March 19, 2012
Queenstown is haunted by its past. It casts a big shadow over the town. How is this haunting represented?
Raymond Arnold runs Landscape Art Research Queenstown (LARQ) in Queentown Tasmania. 'The Dead March Here Today' is Arnold's winning entry in the $20,000 Gallipoli art prize in 2010. It is the cenotaph in the night at Devonport in Tasmania:
Raymond Arnold, 'The Dead March Here Today', 2010, oil on canvas.
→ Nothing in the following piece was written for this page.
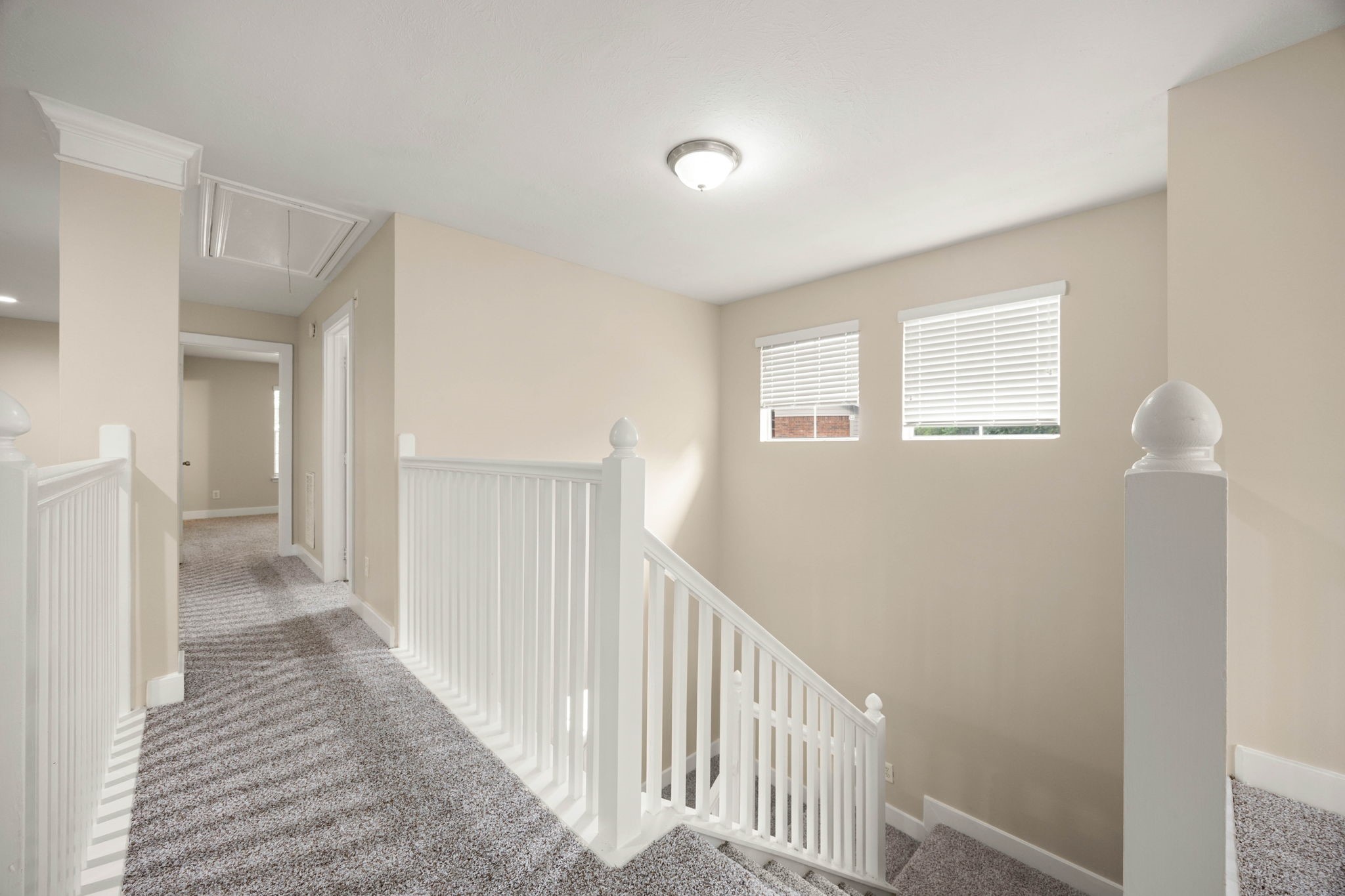 6335 Borg Breakpoint Drive Spring, TX 77379 - Photo 20 of 39 Upper-level landing with open railing and natural light.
Arnold, who regularly visited the Somme while living on and off in Paris during the 1990s had a grandfather who lost both legs to the medical condition of trench foot while serving in France. He said:
I grew up in the 1950s and 60s surrounded by men like that, including Japanese POWs, who had been damaged by conflict. I am carrying all that baggage, as so many people do.Everybody seems to have a story.There are hundreds of cenotaphs in Australia and New Zealand.The Devonport cenotaph could be any of them. It could be any cenotaph, any group of names that speak of great sacrifice, great honour to the people on these. They are sacred places.
It suggests a spectral figures of the past that still live with, and haunt, us.
Arnold has been walking, cycling and making his own artwork in those old World War I battlefields of Europe for decades:
Raymond Arnold, Bayeux soldat I - Polish lancer 2004, two-plate etching.